WORK TASK:
Please output the data below exactly as given, starting at its first line and stopping after the line that contains "Apartmán Apartmanovy Dom".

BEGIN DATA FOR THIS TASK

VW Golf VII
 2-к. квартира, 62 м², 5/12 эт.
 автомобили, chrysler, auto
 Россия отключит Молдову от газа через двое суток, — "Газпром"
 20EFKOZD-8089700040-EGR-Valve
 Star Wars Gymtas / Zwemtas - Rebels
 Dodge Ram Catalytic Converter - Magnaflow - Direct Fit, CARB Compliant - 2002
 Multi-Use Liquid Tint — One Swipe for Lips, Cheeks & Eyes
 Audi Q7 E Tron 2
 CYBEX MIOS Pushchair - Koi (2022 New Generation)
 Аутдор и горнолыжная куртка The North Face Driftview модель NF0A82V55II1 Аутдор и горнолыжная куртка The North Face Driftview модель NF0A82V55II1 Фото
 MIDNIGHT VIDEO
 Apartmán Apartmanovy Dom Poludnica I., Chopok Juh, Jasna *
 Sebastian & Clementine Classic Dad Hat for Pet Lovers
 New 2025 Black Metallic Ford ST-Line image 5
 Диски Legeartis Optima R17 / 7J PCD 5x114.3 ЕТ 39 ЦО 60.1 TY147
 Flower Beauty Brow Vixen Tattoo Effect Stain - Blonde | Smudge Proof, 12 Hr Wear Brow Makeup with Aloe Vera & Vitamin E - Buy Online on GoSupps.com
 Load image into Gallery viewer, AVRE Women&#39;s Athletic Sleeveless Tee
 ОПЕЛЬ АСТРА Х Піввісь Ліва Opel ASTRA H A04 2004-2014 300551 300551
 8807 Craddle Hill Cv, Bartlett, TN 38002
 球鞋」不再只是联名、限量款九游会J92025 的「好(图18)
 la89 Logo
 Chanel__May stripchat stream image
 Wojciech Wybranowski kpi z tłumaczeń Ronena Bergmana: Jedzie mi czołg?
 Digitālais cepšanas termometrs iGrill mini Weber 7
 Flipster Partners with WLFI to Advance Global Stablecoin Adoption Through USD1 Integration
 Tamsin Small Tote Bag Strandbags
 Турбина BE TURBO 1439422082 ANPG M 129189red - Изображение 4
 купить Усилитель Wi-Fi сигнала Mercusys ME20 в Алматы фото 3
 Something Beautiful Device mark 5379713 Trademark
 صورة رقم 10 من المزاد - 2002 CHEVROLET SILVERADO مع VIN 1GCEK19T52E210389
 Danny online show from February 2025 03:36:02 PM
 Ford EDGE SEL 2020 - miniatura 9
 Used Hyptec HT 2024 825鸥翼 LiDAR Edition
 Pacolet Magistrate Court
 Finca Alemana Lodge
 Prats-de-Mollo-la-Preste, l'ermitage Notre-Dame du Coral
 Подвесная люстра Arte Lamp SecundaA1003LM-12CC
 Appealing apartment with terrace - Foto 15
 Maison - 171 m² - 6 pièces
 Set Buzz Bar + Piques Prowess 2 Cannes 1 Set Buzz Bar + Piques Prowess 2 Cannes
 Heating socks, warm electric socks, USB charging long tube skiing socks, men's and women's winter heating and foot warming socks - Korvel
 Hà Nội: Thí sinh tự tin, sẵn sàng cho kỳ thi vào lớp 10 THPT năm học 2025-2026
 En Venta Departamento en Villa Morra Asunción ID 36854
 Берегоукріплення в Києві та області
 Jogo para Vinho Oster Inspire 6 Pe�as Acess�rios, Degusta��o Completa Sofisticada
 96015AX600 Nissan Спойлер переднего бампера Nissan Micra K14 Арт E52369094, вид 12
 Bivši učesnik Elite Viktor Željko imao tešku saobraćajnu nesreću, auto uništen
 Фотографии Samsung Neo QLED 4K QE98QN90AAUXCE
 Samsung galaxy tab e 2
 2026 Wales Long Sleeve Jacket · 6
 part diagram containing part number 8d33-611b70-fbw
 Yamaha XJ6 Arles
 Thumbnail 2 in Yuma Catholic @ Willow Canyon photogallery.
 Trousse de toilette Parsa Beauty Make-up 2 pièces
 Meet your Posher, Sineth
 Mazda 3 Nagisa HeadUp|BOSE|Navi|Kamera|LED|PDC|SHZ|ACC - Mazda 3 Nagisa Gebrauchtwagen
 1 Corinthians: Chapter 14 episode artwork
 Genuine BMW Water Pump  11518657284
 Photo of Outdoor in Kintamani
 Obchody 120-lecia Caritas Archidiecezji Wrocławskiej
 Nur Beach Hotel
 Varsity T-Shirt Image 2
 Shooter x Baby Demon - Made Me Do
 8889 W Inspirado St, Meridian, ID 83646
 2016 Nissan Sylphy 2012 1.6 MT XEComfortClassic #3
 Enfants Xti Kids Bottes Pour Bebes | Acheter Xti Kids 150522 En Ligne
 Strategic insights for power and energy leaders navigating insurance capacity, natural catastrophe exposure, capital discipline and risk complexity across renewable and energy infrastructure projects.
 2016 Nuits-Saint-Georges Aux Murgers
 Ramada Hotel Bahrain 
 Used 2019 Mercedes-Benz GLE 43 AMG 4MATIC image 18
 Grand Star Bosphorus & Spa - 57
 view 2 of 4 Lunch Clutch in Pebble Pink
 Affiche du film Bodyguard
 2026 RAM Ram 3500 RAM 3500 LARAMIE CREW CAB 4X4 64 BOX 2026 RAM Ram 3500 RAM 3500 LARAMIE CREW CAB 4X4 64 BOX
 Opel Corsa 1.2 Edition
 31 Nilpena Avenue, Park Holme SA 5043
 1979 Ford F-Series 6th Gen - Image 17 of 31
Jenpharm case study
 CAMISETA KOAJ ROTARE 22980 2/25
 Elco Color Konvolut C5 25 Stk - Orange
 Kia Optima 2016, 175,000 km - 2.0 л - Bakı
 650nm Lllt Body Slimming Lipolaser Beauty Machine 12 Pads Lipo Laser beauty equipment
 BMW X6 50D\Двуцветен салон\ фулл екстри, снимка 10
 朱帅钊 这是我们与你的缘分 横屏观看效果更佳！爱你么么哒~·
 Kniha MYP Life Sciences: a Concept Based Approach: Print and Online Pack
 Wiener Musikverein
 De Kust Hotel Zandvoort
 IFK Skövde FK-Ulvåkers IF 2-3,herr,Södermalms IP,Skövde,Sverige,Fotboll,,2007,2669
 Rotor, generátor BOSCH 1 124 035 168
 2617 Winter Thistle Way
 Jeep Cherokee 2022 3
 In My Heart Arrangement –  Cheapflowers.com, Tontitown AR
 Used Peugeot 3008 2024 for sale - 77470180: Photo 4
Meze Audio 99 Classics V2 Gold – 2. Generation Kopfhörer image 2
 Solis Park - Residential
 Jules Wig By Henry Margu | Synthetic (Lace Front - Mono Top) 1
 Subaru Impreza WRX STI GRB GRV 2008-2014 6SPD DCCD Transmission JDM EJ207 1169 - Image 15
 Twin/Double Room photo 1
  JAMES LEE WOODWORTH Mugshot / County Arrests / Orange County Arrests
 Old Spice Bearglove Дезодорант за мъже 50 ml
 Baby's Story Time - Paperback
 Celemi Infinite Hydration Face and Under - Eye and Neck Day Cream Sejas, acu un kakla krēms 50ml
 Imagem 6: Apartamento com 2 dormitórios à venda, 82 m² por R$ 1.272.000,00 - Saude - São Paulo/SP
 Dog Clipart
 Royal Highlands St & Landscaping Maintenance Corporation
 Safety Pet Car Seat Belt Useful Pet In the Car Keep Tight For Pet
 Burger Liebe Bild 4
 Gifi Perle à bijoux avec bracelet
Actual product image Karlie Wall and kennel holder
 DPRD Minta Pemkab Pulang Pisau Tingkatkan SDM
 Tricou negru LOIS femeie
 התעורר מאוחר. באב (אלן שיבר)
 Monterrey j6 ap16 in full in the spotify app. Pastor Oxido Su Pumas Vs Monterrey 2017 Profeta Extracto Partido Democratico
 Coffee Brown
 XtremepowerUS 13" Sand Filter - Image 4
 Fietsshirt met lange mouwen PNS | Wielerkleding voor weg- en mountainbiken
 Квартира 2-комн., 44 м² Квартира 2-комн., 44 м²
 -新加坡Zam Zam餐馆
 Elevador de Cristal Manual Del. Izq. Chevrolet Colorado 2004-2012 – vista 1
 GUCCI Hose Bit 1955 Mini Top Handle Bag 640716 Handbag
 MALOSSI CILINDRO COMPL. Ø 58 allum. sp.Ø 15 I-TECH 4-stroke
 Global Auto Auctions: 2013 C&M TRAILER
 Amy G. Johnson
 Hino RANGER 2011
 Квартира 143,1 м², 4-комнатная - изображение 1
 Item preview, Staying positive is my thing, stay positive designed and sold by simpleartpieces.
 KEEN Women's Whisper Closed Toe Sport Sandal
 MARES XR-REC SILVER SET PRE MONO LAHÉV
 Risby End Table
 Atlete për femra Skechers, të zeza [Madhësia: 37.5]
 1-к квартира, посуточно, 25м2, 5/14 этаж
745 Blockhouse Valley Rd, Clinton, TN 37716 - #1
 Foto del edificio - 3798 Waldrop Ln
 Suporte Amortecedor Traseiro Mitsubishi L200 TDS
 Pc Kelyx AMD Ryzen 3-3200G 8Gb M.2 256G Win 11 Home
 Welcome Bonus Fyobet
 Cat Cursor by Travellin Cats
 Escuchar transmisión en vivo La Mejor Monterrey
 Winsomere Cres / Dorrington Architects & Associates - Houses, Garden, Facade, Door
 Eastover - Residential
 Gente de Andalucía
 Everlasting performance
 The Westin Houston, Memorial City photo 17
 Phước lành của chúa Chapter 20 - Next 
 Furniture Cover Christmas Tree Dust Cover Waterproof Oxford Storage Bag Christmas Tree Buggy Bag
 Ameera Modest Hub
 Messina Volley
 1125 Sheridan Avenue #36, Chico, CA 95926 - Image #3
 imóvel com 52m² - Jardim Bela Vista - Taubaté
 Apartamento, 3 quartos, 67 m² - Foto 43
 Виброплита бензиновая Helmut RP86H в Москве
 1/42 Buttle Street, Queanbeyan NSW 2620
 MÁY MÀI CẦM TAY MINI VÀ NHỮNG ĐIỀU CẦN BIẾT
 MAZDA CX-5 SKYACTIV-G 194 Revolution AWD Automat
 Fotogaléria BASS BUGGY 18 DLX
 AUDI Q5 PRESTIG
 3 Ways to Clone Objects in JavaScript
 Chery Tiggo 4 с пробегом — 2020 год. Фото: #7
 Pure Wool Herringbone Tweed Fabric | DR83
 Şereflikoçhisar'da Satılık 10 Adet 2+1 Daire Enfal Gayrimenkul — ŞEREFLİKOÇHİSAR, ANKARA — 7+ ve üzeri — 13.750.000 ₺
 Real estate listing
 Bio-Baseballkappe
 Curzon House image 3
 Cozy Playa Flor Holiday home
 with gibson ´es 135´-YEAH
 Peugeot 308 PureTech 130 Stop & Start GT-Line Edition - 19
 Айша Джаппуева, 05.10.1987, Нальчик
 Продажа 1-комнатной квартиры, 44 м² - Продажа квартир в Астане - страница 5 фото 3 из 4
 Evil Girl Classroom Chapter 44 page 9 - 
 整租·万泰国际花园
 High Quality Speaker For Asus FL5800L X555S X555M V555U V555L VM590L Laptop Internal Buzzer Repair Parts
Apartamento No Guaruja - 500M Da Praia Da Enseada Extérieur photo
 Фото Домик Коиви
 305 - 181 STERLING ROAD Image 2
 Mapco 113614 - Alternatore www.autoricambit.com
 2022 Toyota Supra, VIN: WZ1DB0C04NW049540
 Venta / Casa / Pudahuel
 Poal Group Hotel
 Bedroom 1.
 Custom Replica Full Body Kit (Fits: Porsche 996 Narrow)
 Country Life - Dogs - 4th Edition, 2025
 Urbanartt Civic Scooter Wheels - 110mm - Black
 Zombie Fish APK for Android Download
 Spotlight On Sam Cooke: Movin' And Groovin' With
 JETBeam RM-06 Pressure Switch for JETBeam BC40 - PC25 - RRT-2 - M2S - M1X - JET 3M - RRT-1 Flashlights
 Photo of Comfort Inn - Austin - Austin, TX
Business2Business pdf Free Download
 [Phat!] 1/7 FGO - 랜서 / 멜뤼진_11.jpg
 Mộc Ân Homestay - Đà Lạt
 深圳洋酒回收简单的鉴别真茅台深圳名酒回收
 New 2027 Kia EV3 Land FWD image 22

END DATA FOR THIS TASK

RESPONSE FOR THIS EXERCISE:
VW Golf VII
 2-к. квартира, 62 м², 5/12 эт.
 автомобили, chrysler, auto
 Россия отключит Молдову от газа через двое суток, — "Газпром"
 20EFKOZD-8089700040-EGR-Valve
 Star Wars Gymtas / Zwemtas - Rebels
 Dodge Ram Catalytic Converter - Magnaflow - Direct Fit, CARB Compliant - 2002
 Multi-Use Liquid Tint — One Swipe for Lips, Cheeks & Eyes
 Audi Q7 E Tron 2
 CYBEX MIOS Pushchair - Koi (2022 New Generation)
 Аутдор и горнолыжная куртка The North Face Driftview модель NF0A82V55II1 Аутдор и горнолыжная куртка The North Face Driftview модель NF0A82V55II1 Фото
 MIDNIGHT VIDEO
 Apartmán Apartmanovy Dom Poludnica I., Chopok Juh, Jasna *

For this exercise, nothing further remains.